A l’époque , j’avais un collègue réceptionniste de l’hôtel Dorint dont la cousine , Est Allemande étudiait l’archéologie à Berlin Est . J’avais profité d’une visite à la célèbre foire du tourisme ITB pour passer quotidiennement le contrôle de Check point Charlie . J’avais lu , pour me mettre dans l’ambiance , le célèbre roman de John Le Carré , l’espion qui venait du froid . Cette bible des romans d’espionnage évoque la guerre froide . « Betina » avait eu la gentillesse de m’introduire dans ce milieu fermé des étudiants « mal endoctrinés » par le régime . C’est un monde de silence que je découvrais . Car personne ne parlait de façon ouverte .Et pourtant ces quatre jeunes étaient rassurés de rester entre eux . Je ne pouvais pas les rencontrer en public sans risquer de leur faire du tort . Parler à une personne de l’ouest était mal vu . Ils m’avait dit : « pour passer inaperçu , tu dois t’habiller de gris qui est la couleur de l’Est , tu ne dois pas sourire trop souvent , paraître avoir le temps , et avoir des chaussures usées sans fantaisie et mal cirées ». Ainsi , je n’ai rien entendu de subversif en quatre jours de visites quotidiennes . Nos brèves promenades , leur soliloque étaient ponctués de sourires sibyllins , de sous-entendus . Je me souviens que l’un d’entre eux s’appelait Oscar . Un jour nous sommes passés devant un magasin d’alimentation ou l’on faisait la queue . « Aujoud’hui , il y a des carottes , dit il , des tonnes de carottes. Nous avons à l’est tout les légumes et fruits que l’on peut désirer . Ainsi la semaine passée , vous auriez pu acheter des navets , des tonnes de navets . Malheureusement , il n’y avait pas de carottes la semaine passée et il n’y a pas de navets cette semaine … »

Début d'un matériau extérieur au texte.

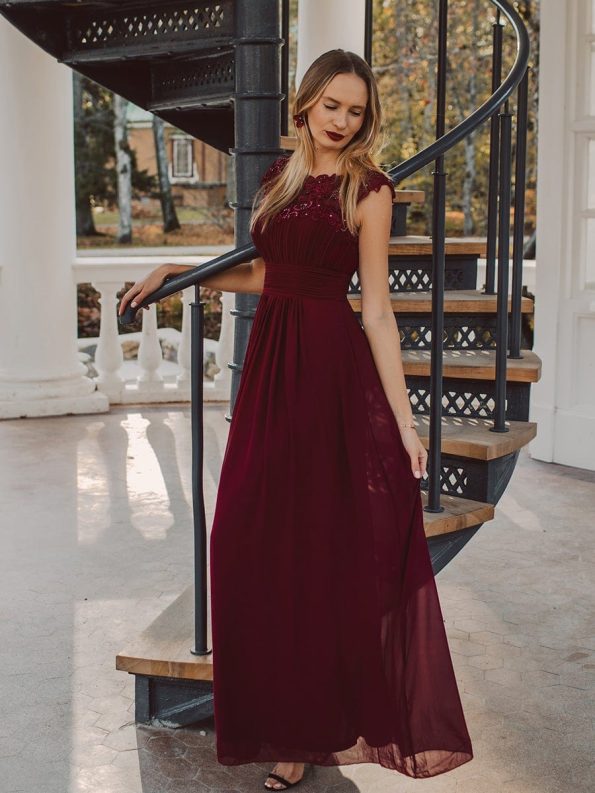 Elegant Maxi Long Lace Cap Sleeve Bridesmaid Dress - Burgundy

Il n’y a rien d’étonnant que Berthold Brecht aie vécu à Berlin…
Une illustration de cette période ? Une enseignante la semaine passée m’a confié :
« J’avais étudié à Leipzig , je me suis installé à Berlin Est trois ans avant la fin du mur pour enseigner dans une école secondaire . Je n’avais pas vraiment d’aspiration politique , même si comme 70 % des gens j’aspirais à un changement . J’avais sans doute un caractère trop ouvert , je m’habillais parfois avec un peu de fantaisie , j’étais jugée excentrique . »
Peut être que cela déplaisait à certain . Le mur est tombé, tout à changer . Encore maintenant , je persiste pourtant à penser que tout n’était pas aussi mal qu’on le dit . En 1999 , j’ai eu la curiosité d’aller voir les rapports de la Stasi qui aurait pu me concerner . Il y avait eu 19 dénonciations pour les motifs les plus futiles ! - Elle parle souvent avec un collègue , ils ne semblent pas parler du travail .

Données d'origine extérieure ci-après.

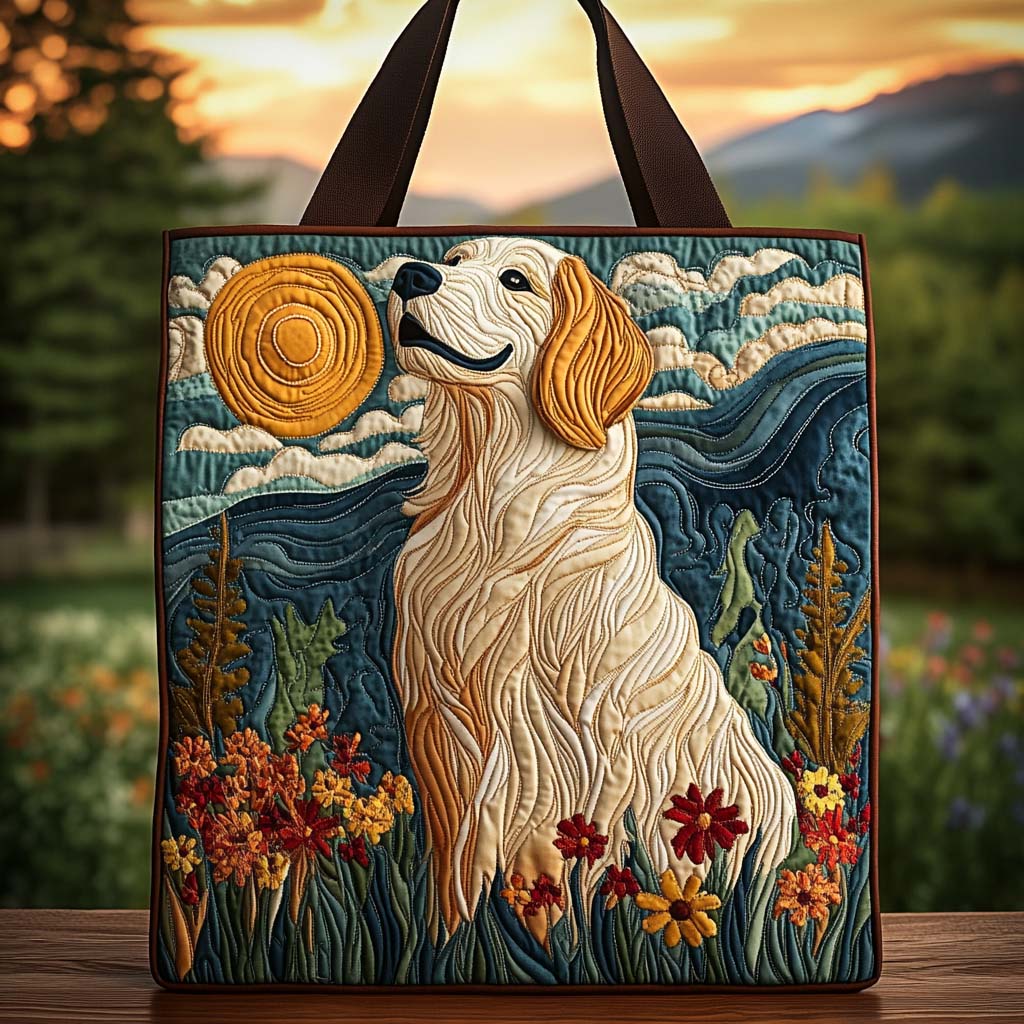 Golden Meadow Sunset Quilted Tote Bag Presents For Sea Lovers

- Elle a rencontré des gens bizarres dans le métro .
- Elle s’est habillée avec des couleurs pastelles le jour de la remise des
prix … »
Tout des gens qu’elle fréquentait quotidiennement …

Gaëtan Plein

Mes photos de 1987 à Berlin
Les vopos (garde est allemand)
Betina et moi (deux choses sont tombées entretemps , le mur et mes cheveux ;-)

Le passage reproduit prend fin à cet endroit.